Annie Ernaux explique dans La Place (prix Renaudot en 1984) qu’elle revendique une « écriture plate » parce qu’elle ne s’autorise pas le droit à l’art pour « rendre compte d’une vie soumise ». Et pour elle, l’art est « faire quelque chose de passionnant ou d’émouvant ». Une conception disons discutable de l’art, et, si la littérature est un art, de la littérature elle-même. Autrement dit, le risque d’un appauvrissement.
Le comité Nobel dit de son œuvre qu’elle est « sans concession et écrite dans un langage simple ».
La simplicité du langage conduit un contributeur du Monde à écrire, en réaction contre les critiques dépréciatives largement dominantes des contributeurs : « La critique est aisée… Au contraire de tous ces critiques aussi acerbes que leur production littéraire est égale à zéro,( « la littérature, c’est autre chose » est-il dit . C’est quoi, alors ?) je me suis toujours senti « chez moi » en lisant Annie Ernaux, qui a magnifiquement décrit notre civilisation, et son côté « personnel » m’a amené à, tout simplement, m’intéresser à cette femme , et à avoir envie de l’aimer. Quant aux critiques de son style… Maupassant aussi écrivait simplement et on le lit encore. »
L’écriture de Maupassant, fils littéraire de Flaubert, est évidemment tout sauf simple : un travail minutieux de la phrase auquel l’engageait Flaubert pour tendre vers ce qu’il appelait le « style » (voir les articles à partir du 11.12.2021) caractéristique de l’œuvre d’art.
L’appréciation (sans doute obligée) d’E. Macron « le roman de la mémoire collective et intime de notre pays… [elle] a magnifiquement décrit notre civilisation » » rejoint celle du lecteur.
La question posée par cette appréciation concerne la valeur littéraire et l’ampleur du « je » qui dirige son œuvre.
:« J’écrirai pour venger ma race. », écrit-elle dans son journal (cf. l’article du Monde du 07.10.2022). Elle s’en explique dans L’Ecriture comme un couteau : « Je voulais dire la classe sociale dont je suis issue. J’avais écrit “race” sans doute à cause du cri de Rimbaud : “Je suis de race inférieure de toute éternité”, aussi parce que le terme de race marquait plus fortement que “classe” mon appartenance au monde dominé. »

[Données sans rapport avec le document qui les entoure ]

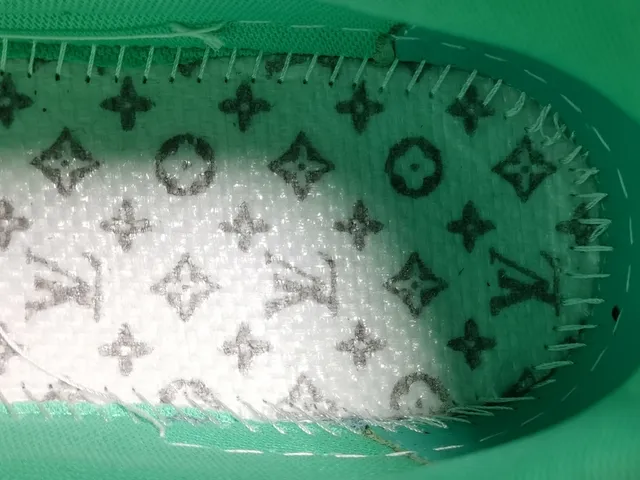 Louis Vuitton LV Trainer White Green Structured Layered Upper Sculpted Midsole Lifestyle Sneakers 2
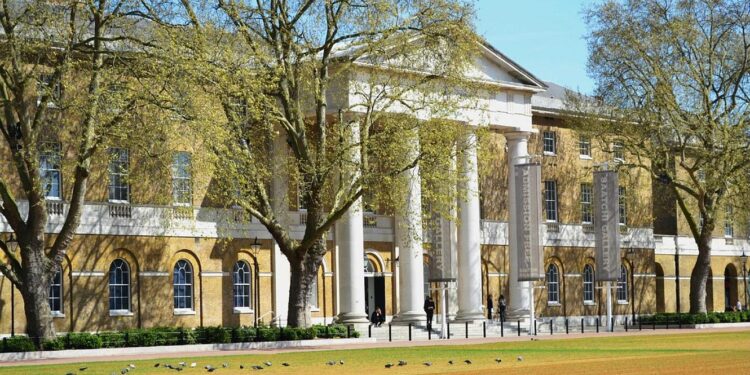 Reino Unido. Vhils e André Saraiva em grande exposição sobre arte de rua e graffiti em Londres 11 Reino Unido. Vhils e André Saraiva em grande exposição sobre arte de rua e graffiti em Londres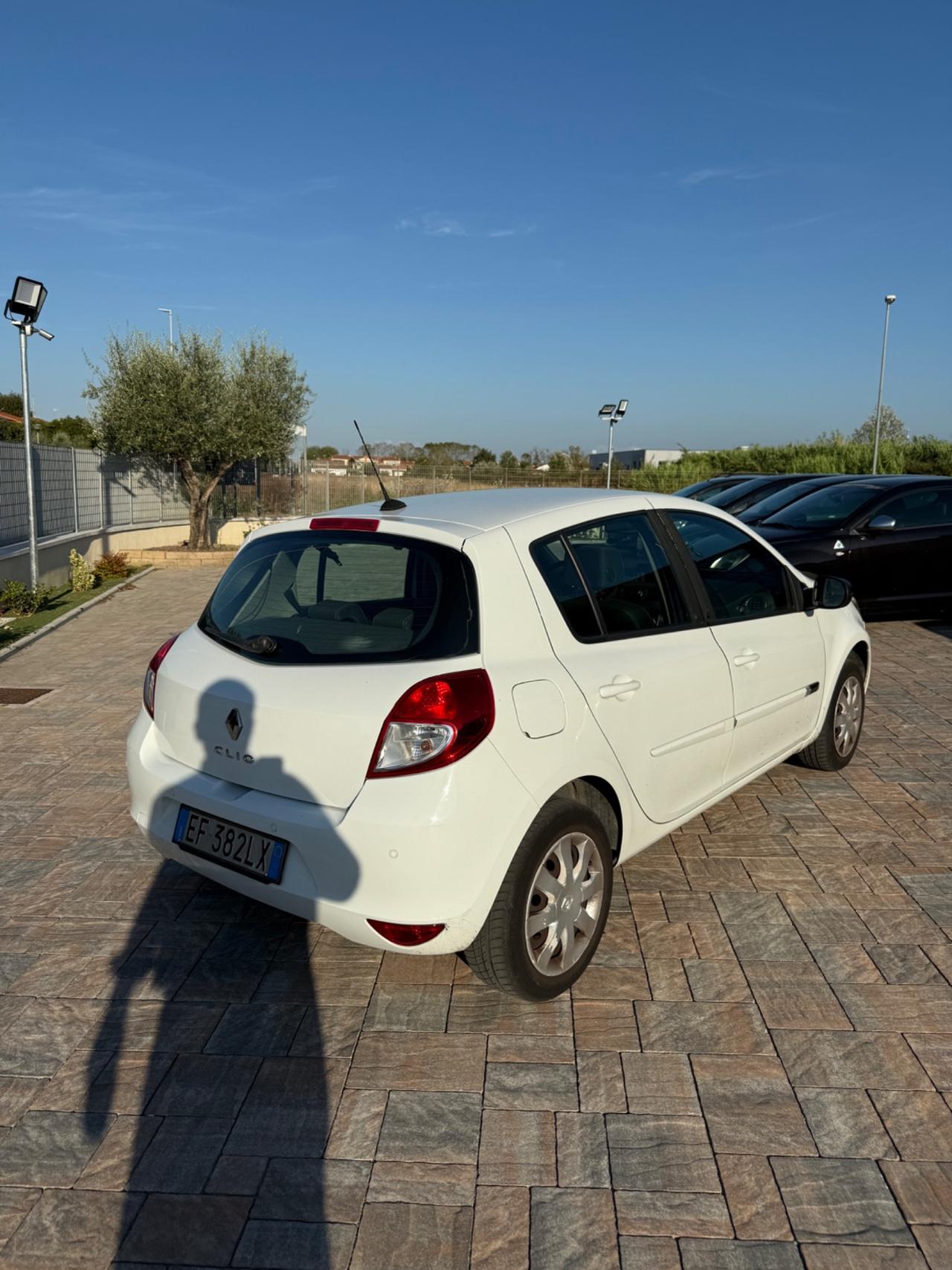 Renault Clio 1.2 Benzina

Est-ce une question de classe ou de rapport affectif avec ses parents ? La honte qu’elle dit avoir éprouvée en devenant professeur me semble apporter la réponse.

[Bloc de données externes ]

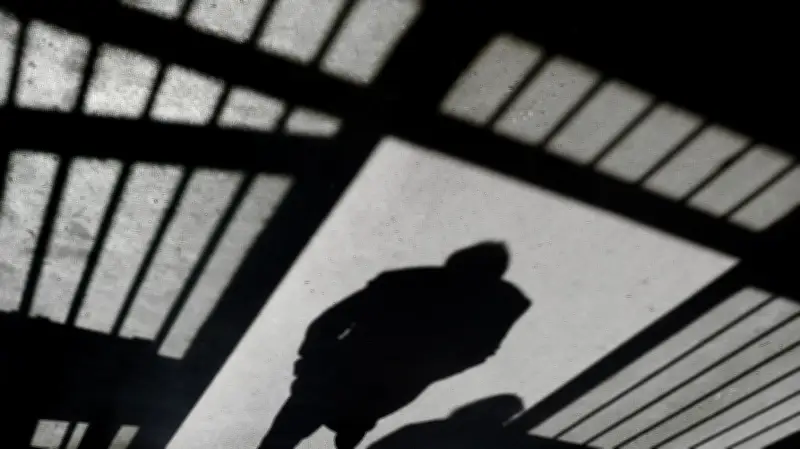 Justiz am Limit: 50 mutmaßliche Schwerverbrecher wegen Verfahrensverzögerungen aus U-Haft entlassen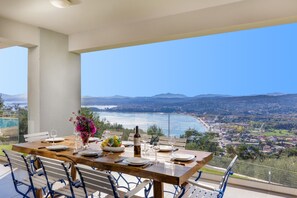 Outdoor dining - Villa Gemini Angelo by Villa Plus (Pirgi)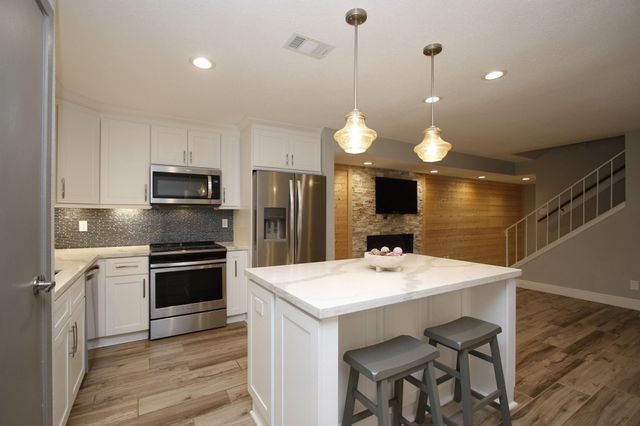 14555 Wunderlich, Houston, TX, 77069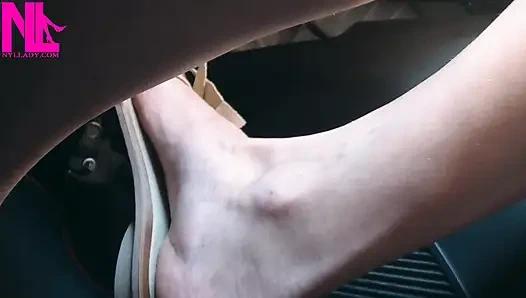 Çılgın çıplak ayaklı pedal yüksek yolda pompalıyor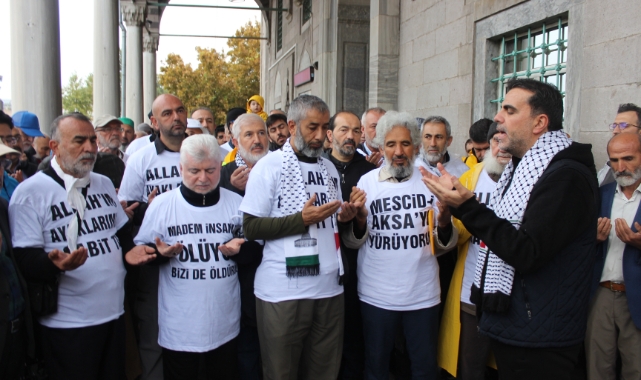 Yürüyerek Filistin’e gitmek üzere Kayseri'den yola çıktılar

Rimbaud, qui sert de référence, n’est pas dans cette démarche de règlements de comptes (avec sa mère notamment), mais dans son dépassement par la recherche d’une révolution par le langage. Une entreprise et une expérience douloureuses qu’il interrompt très tôt pour entreprendre tout autre chose.
Je dirais que la problématique est celle du rapport entre les prix littéraires, auréolés d’une transcendance de conjoncture (elle peut s’en émanciper), et l’art, qui est peut-être la transcendance, recherchée sans fin par l’artiste et toujours inaboutie pour lui, des névroses communes dont il vit une expérimentation aiguë.